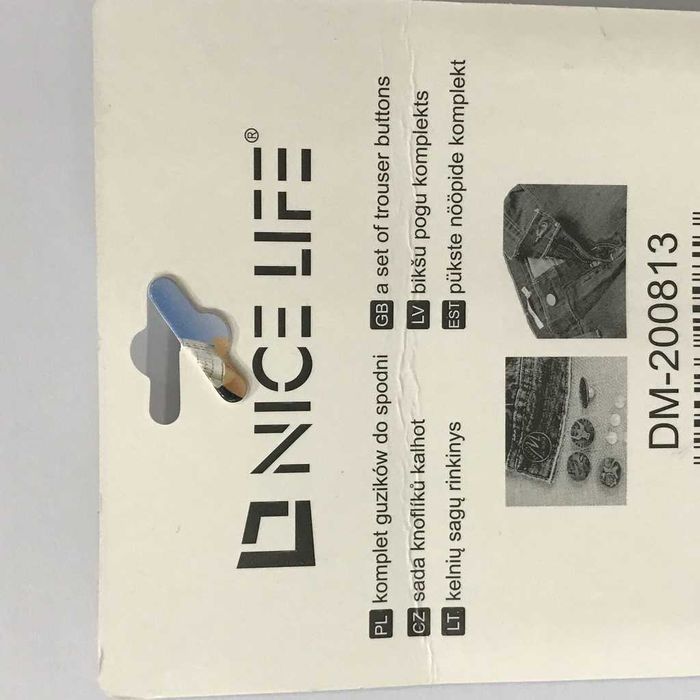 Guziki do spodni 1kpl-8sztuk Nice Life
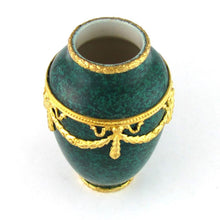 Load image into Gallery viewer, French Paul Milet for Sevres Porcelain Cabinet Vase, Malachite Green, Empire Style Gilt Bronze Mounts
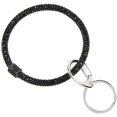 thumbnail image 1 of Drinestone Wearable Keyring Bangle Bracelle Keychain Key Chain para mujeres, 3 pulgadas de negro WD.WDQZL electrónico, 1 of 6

--

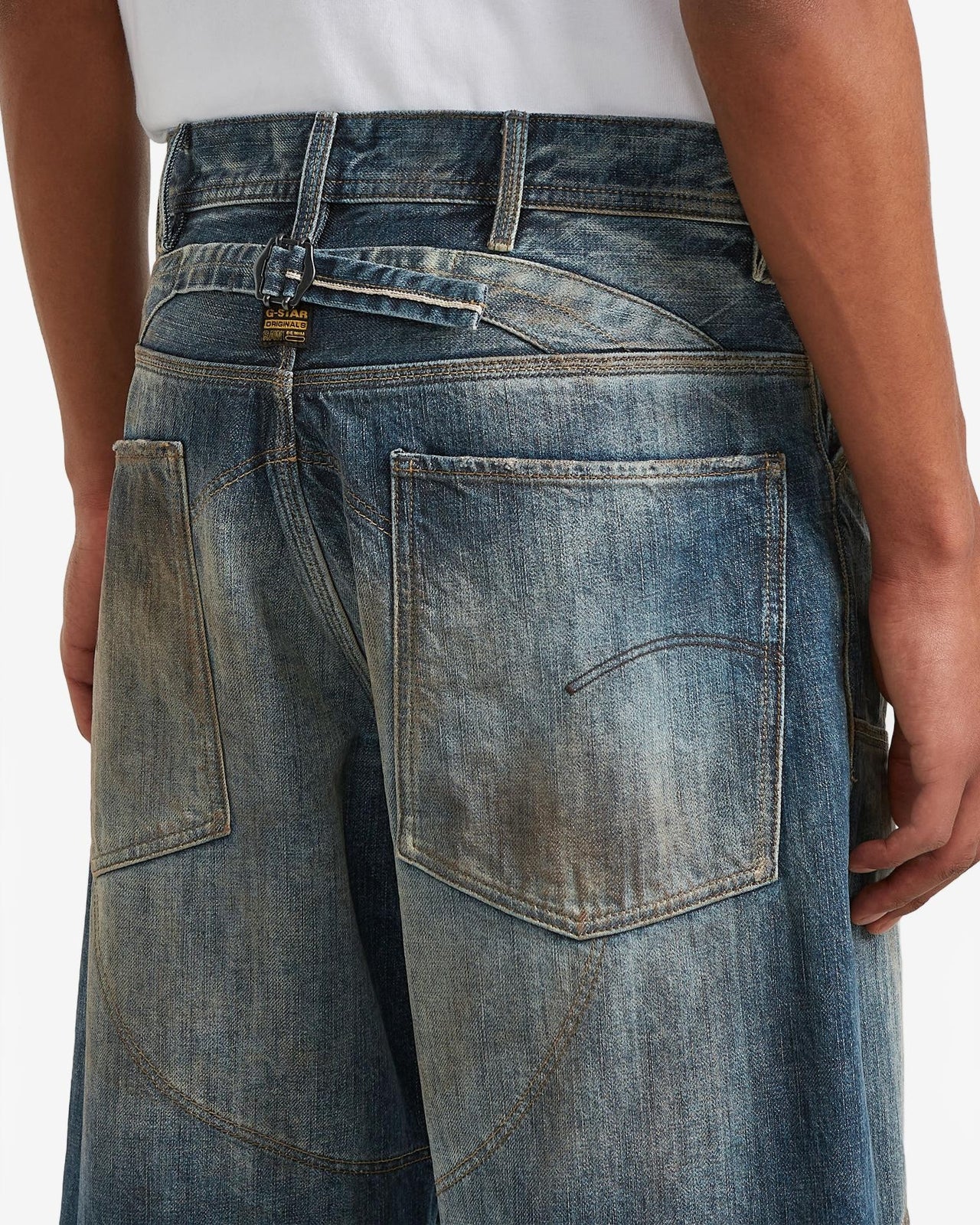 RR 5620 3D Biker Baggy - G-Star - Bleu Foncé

Work instructions => Using the material above, transcribe exactly the lines from the one holding "Guziki do spodni 1kpl-8sztuk Nice Life" to the one holding "thumbnail image 1", both ends kept. Do not carry over any pictures.

Exercise output =>
 Guziki do spodni 1kpl-8sztuk Nice Life
 Load image into Gallery viewer, French Paul Milet for Sevres Porcelain Cabinet Vase, Malachite Green, Empire Style Gilt Bronze Mounts
 thumbnail image 1 of Drinestone Wearable Keyring Bangle Bracelle Keychain Key Chain para mujeres, 3 pulgadas de negro WD.WDQZL electrónico, 1 of 6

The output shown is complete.